Grand Diomande Research · Full HTML Reader

KARL - Trajectory Memory Ledger

KARL is the reference implementation of the Trajectory Memory Ledger: a schema-normalized experience replay layer for AI coding agents. It records what an agent does during real work sessions, normalizes those recordings into a schema-v2 trajectory store, scores them with a six-signal reward engine, and uses the highest-scoring trajectories to improve future performance through LoRA fine-tuning and learned skill routing.

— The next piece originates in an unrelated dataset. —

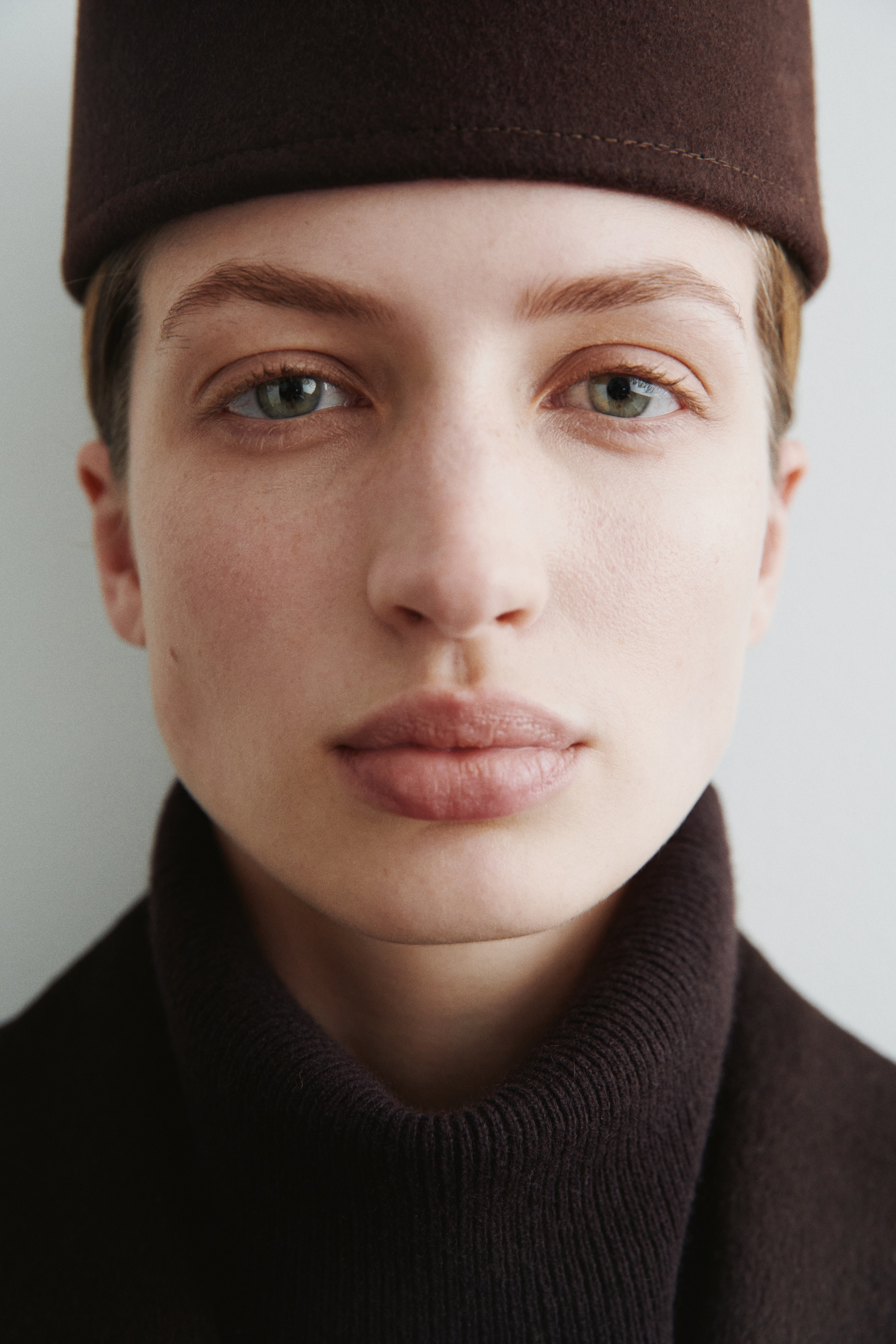 Hat i uld - Mørkebrun/Sort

Agents That Account for Themselves research note experiment writeup candidate score 24 .md

Full Public Reader

KARL - Trajectory Memory Ledger

KARL is the reference implementation of the Trajectory Memory Ledger: a schema-normalized experience replay layer for AI coding agents. It records what an agent does during real work sessions, normalizes those recordings into a schema-v2 trajectory store, scores them with a six-signal reward engine, and uses the highest-scoring trajectories to improve future performance through LoRA fine-tuning and learned skill routing.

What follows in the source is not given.